Gustav Klimt Austrian Painter

1862-1918

 

Gustav Klimt was an Austrian Symbolist painter and one of the most prominent members of the Vienna Art Nouveau movement. His major works include paintings, murals, sketches, and other art objects, many of which are on display in the Vienna Secession gallery. Gustav Klimt's style drew upon an enormous range of sources: classical Greek, Byzantine, Egyptian, and Minoan art; late-medieval painting and the woodcuts of Albrecht Dürer; photography and the symbolist art of Max Klinger; and the work of both Franz von Stuck and Fernand Khnopff. In synthesizing these diverse sources, Klimt's art achieved both individuality and extreme elegance.

 

Gustav Klimt's primary subject was the female body, and his works are marked by a frank eroticism--nowhere is this more apparent than in his numerous drawings in pencil. Gustav Klimt was a controversial figure in his time. His work was constantly criticized for being too sensual and erotic, and his symbolism too deviant. Today, they stand out as the more important paintings ever to come out of Vienna.
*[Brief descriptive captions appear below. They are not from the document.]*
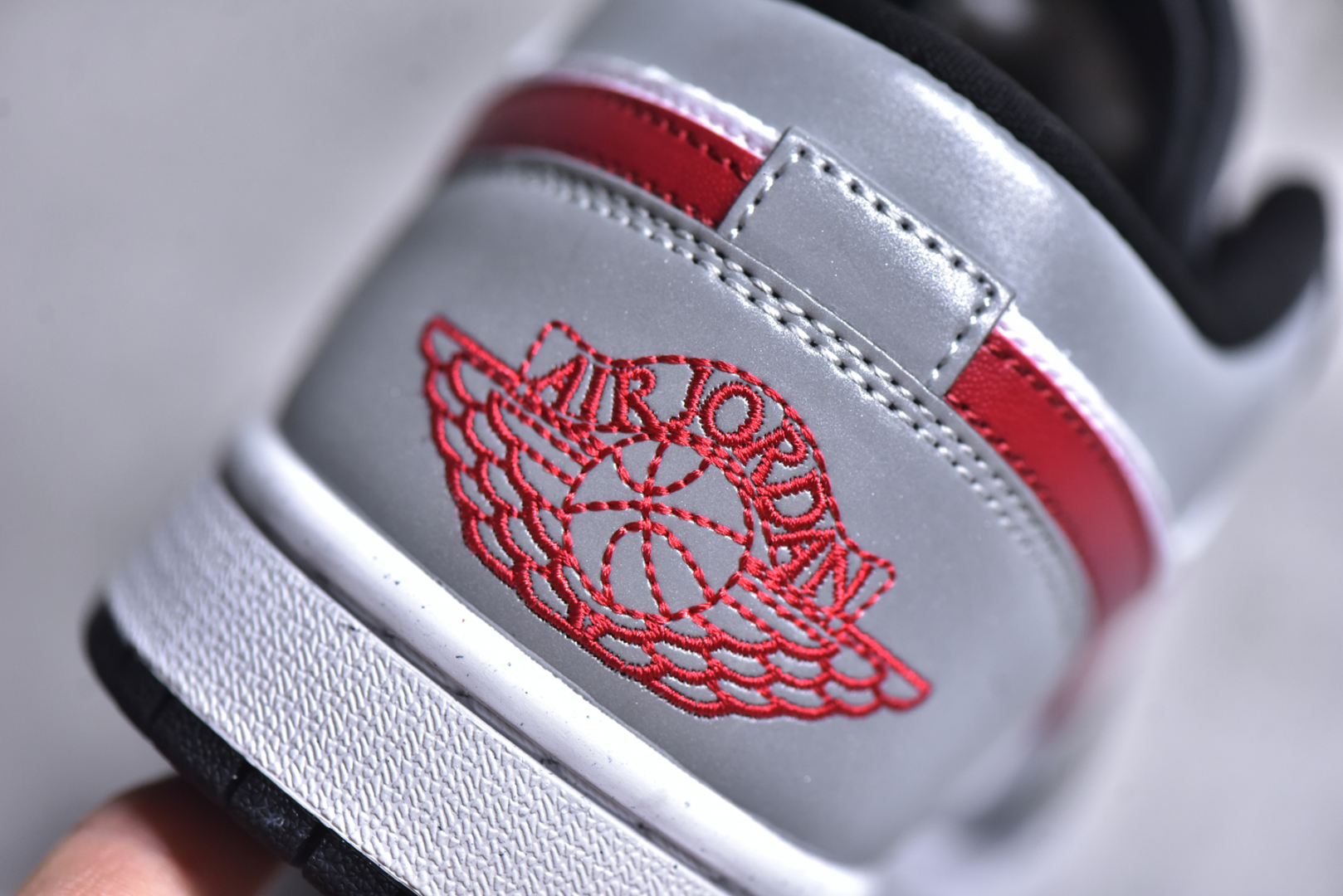 细节图
.
.
.
.
💰215 工厂直销 新毒GET版本
【乔1】
#K版 Air Jordan AJ1 Low 低帮 黑白红 HF3148-106 全新流水线出品 DT版本唯一平替选择 市场第二梯队最强版 全部原鞋开发 原楦原纸板开发 全鞋电脑针车 原厂内置全掌气垫 原盒内在原标 唯一Zp原版鞋带绑法 免检产品 全新2022版型 全头层皮料 完美零毛边处理 原厂配置全掌气垫 价格定位良心 几十个配色陆续出货 实拍调校N版已经零色差零失真 百分百还原实物色彩所见即所得 不存在货不对板色差等低级问题 选购参考实物拍摄 不混卖不参货 只用心做货严格选品 承诺混一赔十 SIZE:36 36.5 37.5 38 38.5 39 40 40.5 41 42 42.5 43 44 44.5 45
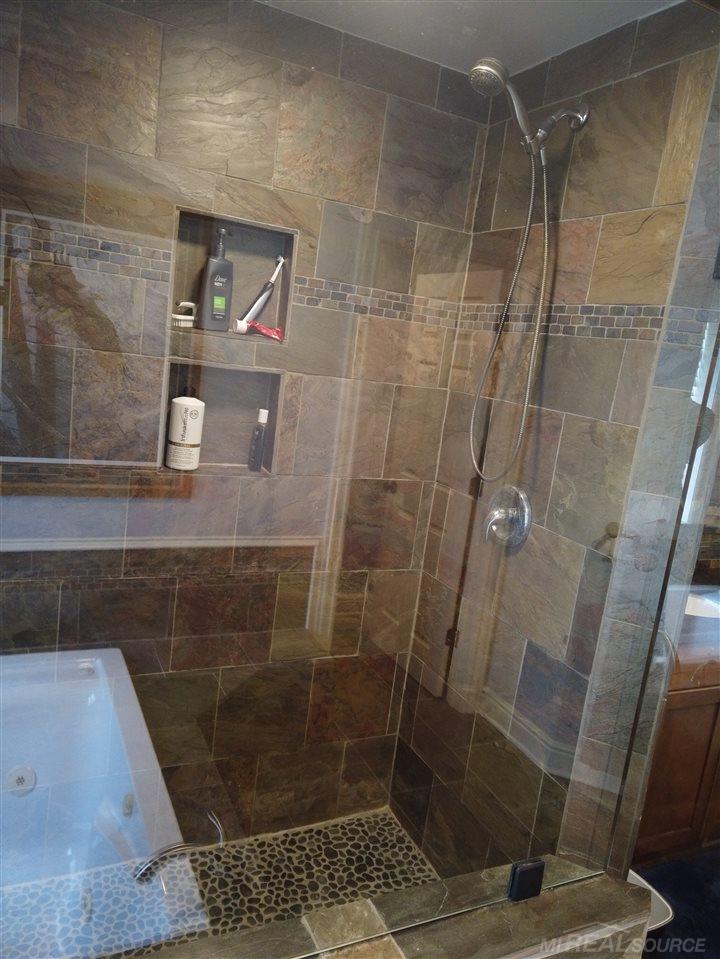 508 West Sutton Road Lapeer, MI 48446 - Photo 32 of 71 50007172-31.JPG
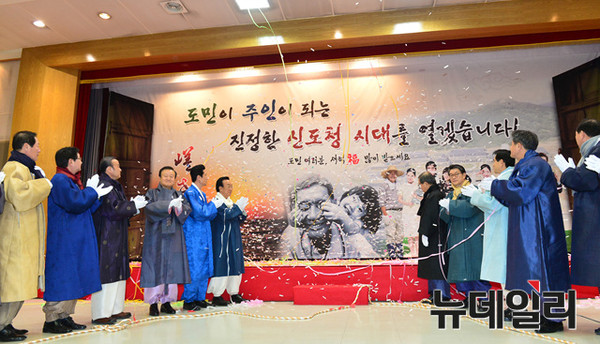 ▲ 김관용 경북도지사와 남유진 구미시장 등 경북 시장군수들이 4일 도청에서 '2016년 도지사‧시장군수 신년 다짐회’행사를 함께하고 있다.ⓒ경북도 제공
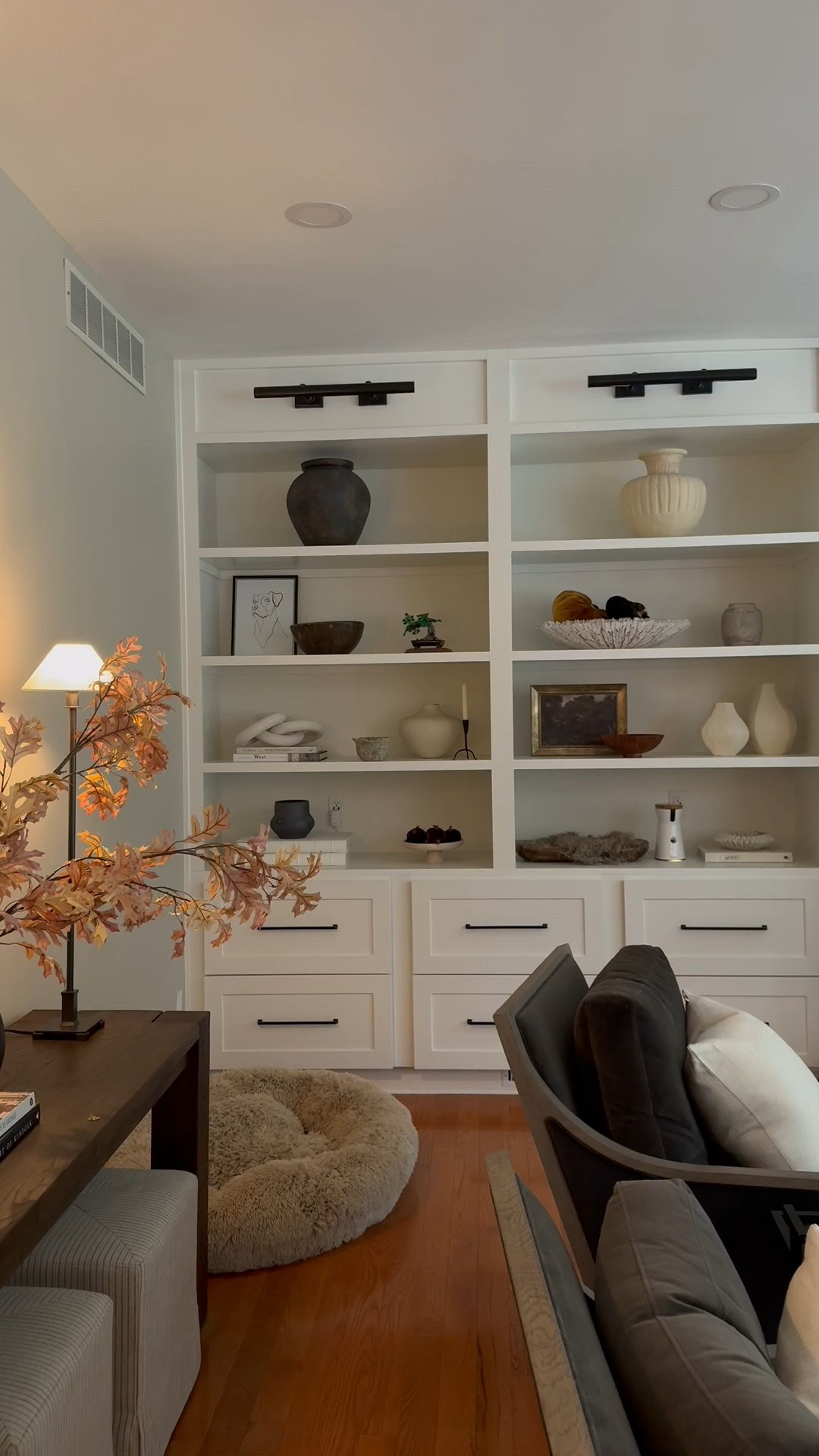 Fall house decor 🤎

#LTKSeasonal #LTKHoliday #LTKStyleTip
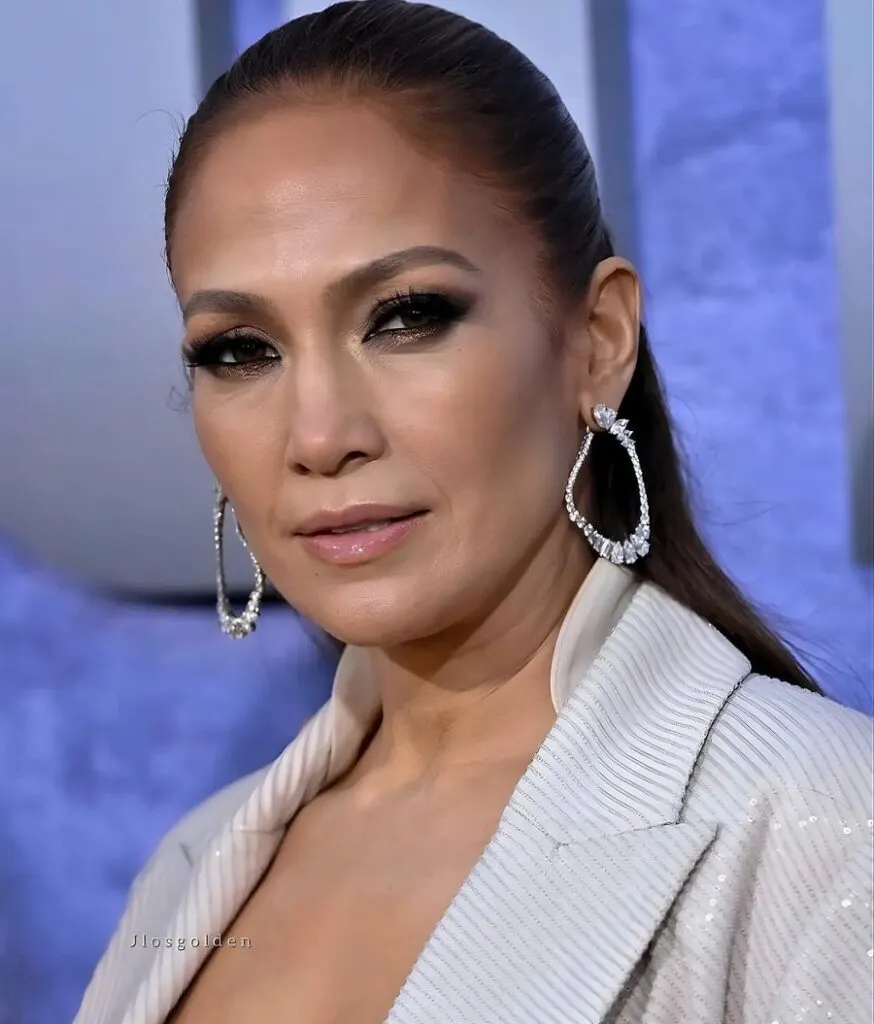 Actress With Black Hair and Brown Eyes-Jennifer Lopez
Gustav Klimt was born in Baumgarten, near Vienna, and was the second of seven children. All three sons displayed artistic talent early on. His father, Ernst Klimt, formerly from Bohemia, was a gold engraver. Ernst married Anna Klimt, whose unrealized ambition was to be a musical performer. Klimt lived in poverty for most of his childhood, as work was scarce and the economy difficult for immigrants. In 1876, Gustav Klimt was awarded a scholarship to the Vienna School of Arts and Crafts, where he studied until 1883, and received training as an architectural painter. Klimt revered the foremost history painter of the time, Hans Makart. Gustav Klimt readily accepted the principles of a conservative training; his early work may be classified as academic. In 1877 his brother Ernst, who, like his father, would become an engraver, also enrolled in the school. The two brothers and their friend Franz Matsch began working together; by 1880 they had received numerous commissions as a team they called the "Company of Artists", and helped their teacher in painting murals in the Kunsthistorisches Museum in Vienna.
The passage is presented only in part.